**What you are asked to do:**
Wherever the line with "Фото - Кресло" sits in the listing below, transcribe from it up to and including the line with "Bedroom Apartment Office", exactly, and leave the remaining lines out.

**Dataset records:**
--------------------------------------------------

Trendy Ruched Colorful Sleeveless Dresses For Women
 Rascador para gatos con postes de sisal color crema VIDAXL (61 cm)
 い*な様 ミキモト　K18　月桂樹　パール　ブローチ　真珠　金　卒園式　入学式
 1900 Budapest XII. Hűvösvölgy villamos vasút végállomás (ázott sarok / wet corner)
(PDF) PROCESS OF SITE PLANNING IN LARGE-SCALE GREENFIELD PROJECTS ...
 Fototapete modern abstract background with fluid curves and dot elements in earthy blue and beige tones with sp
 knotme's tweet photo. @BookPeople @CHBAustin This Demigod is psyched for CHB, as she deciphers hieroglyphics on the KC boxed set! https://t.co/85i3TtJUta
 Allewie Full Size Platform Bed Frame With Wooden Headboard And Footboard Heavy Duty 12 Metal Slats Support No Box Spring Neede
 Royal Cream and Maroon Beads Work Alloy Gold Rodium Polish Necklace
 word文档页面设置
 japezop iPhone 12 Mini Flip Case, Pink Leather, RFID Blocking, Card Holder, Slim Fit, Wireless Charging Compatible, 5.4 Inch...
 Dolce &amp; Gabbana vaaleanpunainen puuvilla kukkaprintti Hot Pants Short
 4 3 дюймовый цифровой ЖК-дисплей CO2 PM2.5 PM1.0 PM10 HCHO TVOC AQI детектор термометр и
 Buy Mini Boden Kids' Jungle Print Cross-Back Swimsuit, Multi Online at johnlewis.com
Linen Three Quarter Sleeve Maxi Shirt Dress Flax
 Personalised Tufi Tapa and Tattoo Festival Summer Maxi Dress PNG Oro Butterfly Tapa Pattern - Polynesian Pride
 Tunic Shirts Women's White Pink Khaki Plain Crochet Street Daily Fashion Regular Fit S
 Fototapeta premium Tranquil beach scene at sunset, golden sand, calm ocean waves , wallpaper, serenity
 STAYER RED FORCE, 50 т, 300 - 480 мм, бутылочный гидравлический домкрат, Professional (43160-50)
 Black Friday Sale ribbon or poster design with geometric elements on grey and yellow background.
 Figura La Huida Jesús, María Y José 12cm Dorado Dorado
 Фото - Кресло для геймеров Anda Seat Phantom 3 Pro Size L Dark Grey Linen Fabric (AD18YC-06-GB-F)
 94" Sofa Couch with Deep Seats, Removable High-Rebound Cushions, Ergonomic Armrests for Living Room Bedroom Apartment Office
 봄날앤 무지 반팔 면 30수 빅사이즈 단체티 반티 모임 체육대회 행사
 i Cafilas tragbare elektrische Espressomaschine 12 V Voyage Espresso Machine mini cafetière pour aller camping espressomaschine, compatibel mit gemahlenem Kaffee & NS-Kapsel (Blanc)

--------------------------------------------------

**Exercise answer:**
 Фото - Кресло для геймеров Anda Seat Phantom 3 Pro Size L Dark Grey Linen Fabric (AD18YC-06-GB-F)
 94" Sofa Couch with Deep Seats, Removable High-Rebound Cushions, Ergonomic Armrests for Living Room Bedroom Apartment Office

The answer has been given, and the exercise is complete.